Problem description
In the records that follow, find the line with "Photo of 1015"; from there, retype every line exactly through the line with "Un paysage rural", which also belongs to the answer.

(Caption-style text data)
* * *
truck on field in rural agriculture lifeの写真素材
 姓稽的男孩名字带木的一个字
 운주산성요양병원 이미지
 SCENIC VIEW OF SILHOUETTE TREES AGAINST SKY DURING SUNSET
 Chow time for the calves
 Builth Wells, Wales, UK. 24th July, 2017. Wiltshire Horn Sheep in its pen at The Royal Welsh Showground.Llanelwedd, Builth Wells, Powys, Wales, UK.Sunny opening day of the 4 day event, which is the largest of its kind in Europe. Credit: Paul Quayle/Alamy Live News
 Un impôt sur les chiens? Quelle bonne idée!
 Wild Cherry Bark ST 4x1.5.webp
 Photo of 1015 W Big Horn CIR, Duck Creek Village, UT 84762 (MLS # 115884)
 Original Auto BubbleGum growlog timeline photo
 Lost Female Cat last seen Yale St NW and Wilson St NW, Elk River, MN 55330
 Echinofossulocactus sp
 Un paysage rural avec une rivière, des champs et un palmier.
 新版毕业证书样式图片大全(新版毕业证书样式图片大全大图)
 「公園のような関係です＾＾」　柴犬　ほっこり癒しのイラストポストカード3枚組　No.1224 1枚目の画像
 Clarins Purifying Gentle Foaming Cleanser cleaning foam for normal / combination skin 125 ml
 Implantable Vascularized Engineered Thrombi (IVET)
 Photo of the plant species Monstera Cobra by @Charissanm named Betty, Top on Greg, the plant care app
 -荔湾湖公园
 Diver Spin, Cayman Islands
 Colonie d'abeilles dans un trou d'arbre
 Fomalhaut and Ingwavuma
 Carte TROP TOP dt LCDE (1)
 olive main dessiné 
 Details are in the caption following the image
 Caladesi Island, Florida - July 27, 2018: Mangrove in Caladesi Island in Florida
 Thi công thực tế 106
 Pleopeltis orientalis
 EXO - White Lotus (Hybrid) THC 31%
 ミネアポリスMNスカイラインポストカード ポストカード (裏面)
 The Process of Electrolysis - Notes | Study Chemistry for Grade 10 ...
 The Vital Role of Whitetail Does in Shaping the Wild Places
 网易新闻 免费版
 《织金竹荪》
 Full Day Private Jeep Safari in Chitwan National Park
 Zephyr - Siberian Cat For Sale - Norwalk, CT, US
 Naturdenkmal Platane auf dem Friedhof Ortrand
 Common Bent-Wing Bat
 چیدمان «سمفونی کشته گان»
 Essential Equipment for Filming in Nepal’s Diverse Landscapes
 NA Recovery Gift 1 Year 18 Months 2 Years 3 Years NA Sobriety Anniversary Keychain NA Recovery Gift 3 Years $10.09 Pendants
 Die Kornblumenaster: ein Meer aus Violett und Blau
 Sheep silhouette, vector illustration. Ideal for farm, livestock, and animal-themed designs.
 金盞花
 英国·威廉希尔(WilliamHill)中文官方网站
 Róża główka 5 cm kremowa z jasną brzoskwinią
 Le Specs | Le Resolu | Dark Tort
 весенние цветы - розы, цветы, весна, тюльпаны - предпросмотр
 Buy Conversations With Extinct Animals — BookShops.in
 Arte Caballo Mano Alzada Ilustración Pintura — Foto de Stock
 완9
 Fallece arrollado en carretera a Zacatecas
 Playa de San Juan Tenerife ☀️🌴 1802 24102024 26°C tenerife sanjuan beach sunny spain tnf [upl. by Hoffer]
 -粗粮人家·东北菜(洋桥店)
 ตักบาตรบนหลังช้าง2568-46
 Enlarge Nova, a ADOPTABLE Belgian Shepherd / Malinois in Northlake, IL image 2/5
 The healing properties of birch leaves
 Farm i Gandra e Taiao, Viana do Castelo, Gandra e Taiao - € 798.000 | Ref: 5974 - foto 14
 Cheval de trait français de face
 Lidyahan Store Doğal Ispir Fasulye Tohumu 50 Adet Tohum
* * *
Result for this task
 Photo of 1015 W Big Horn CIR, Duck Creek Village, UT 84762 (MLS # 115884)
 Original Auto BubbleGum growlog timeline photo
 Lost Female Cat last seen Yale St NW and Wilson St NW, Elk River, MN 55330
 Echinofossulocactus sp
 Un paysage rural avec une rivière, des champs et un palmier.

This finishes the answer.